Time: Thu Jul 25, 2002. 3:00 AM. (Note unusual time)
Venue: EJ 124
Title: Recent Speech Research Activities at NTT.
Comments: Informal talk.

Abstract:

I'll talk a little bit about what my colleagues and I are doing: Finite State Transducer based decoding for large vocabulary tasks (Willett), Trajectory modeling using HMMs in speech generation mode (Minami), Blind Source Separation using Independent Component Analysis (Makino). I'll then talk in more detail about my own recent work: recent experimental results for discriminative training based on Minimum Classification Error (MCE), as well as recent theoretical work in which I show that the MCE loss function can seen as the result of Parzen estimation of the theoretical Bayes classification risk. The latter work will be presented at the IEEE workshop on Neural Nets for Signal Processing and at ICSLP.

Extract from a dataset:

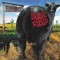 CD Blink 182 &lrm;&ndash; Dude Ranch, original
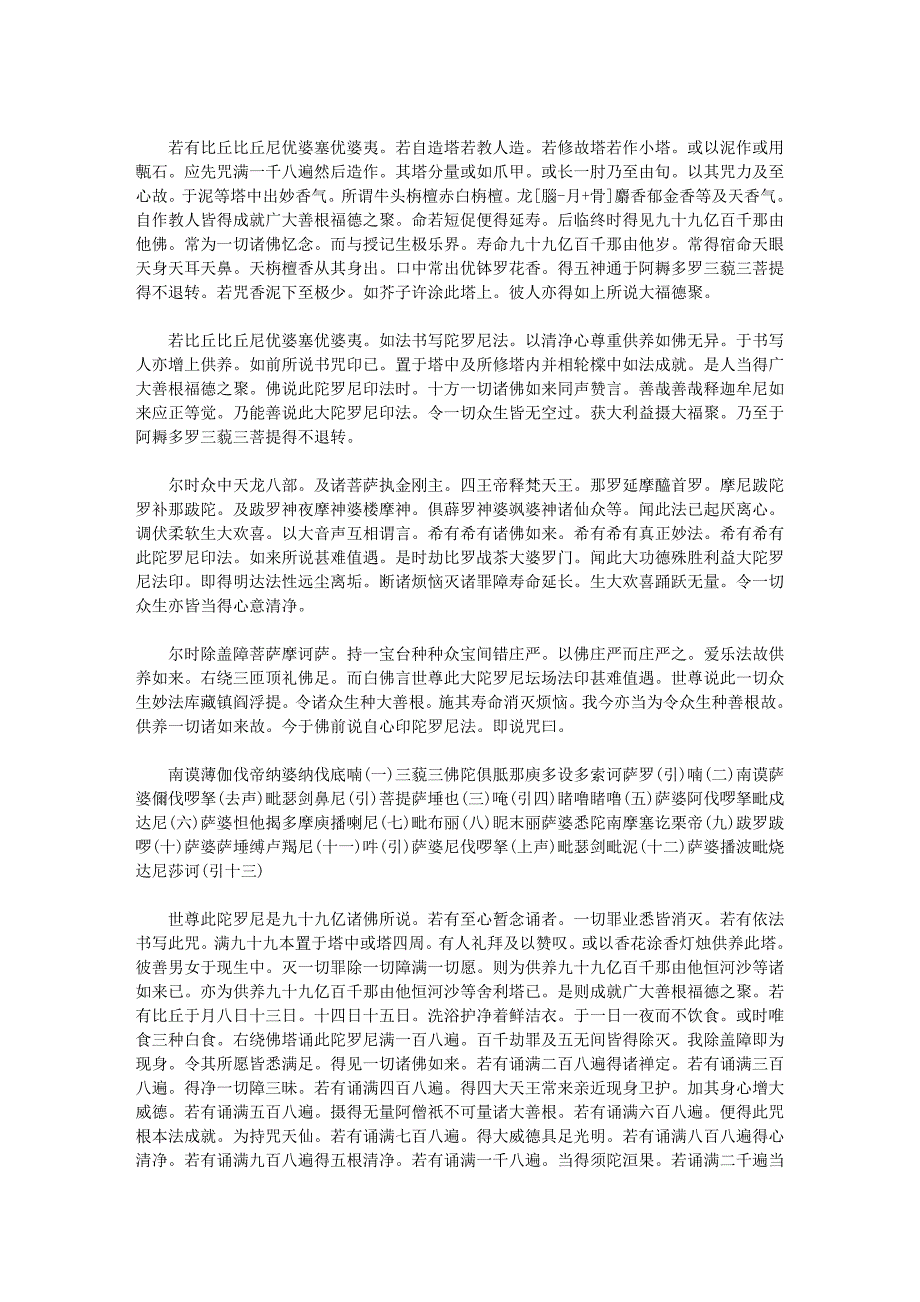 无垢净光大陀罗尼经一卷.doc_第3页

Speaker: Sachin Kajarekar, Oregon Graduate Institute.
Time: Tue Jul 9, 2002. 11:00 AM.
Venue: EJ 124
Title: Analysis of variability in speech with applications to speaker recognition
Comments: Interview Talk.

Abstract:

Speech signal has variability due to language, speakers, and communication channels. In this work, I propose study of the nature and the contribution of different types of variability in speech, where variability in speech refers to the variability in the features extracted from speech signal. The analysis is performed using multivariate analysis of variance (MANOVA). Variability is measured as the covariance of the features due to three factors - language, speaker, and channel. Variability due to language is measured as variability due to different phones in the language. Variability due to speaker and channel is referred to as speaker and channel variability. Using these factors, we analyze the most commonly used features in speech and speaker recognition. The features are analyzed in spectral and temporal domains. The results of MANOVA are applied in two ways. First, we show that contribution of the variabilities in features is related to their performance on speech and speaker recognition tasks. Second, we show that results of MANOVA can be used for deriving discriminant features for a given task. In general, we show that performance of the speech recognition system improves when information from a longer time-span is included in the features.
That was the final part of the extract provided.